In fact, the Cold War started in 1919. But most people in the West had no idea that it had started. It started with the establishment of the Communist International, an organization based in Moscow, organizing the Communist parties of the world and an international apparatus to take over the world. I mean that might sound a little peculiar at this late stage of the game. Like Adolf Hitler, the Soviet leaders, Lenin, Stalin, and those who came after them, thought that they were going to be able to conquer the world. And if necessary they would use force, and where possible they would use other methods.
.... Now, not every American Communist was qualified to be a spy. Only a handful were.
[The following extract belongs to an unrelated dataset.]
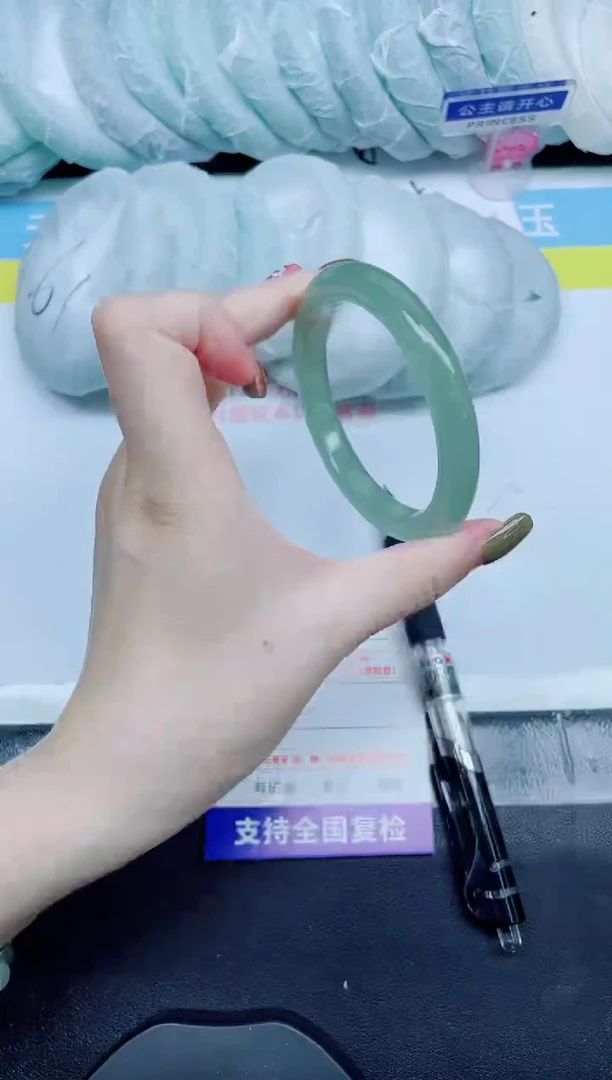 石英质玉手镯未镶嵌73-56.5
They were all totally loyal to the Soviet Union. But those who were qualified to be spies-say an Alger Hiss in the State Department, or Harry Dexter White in the Treasury Department or Lauchlin Currie or Harry Hopkins (and I'll get back to these people a little later) in the White House-they were Soviet spies because they were Communists. And the American Communist Party provided them to do American intelligence service.
....When we start putting together the information that we found in the Moscow archives with the information turned over by the U.S. government-and a very important thing happened during World War II, the American government was intercepting decoded messages of the Soviet intelligence service, the NKVD in the United States and their headquarters in Moscow- about 10% of those messages were actually broken into by our codebreakers and they are now available by codename Venona. And the interesting thing, well there were many interesting things, and one of them is how important the membership in the Communist Party was.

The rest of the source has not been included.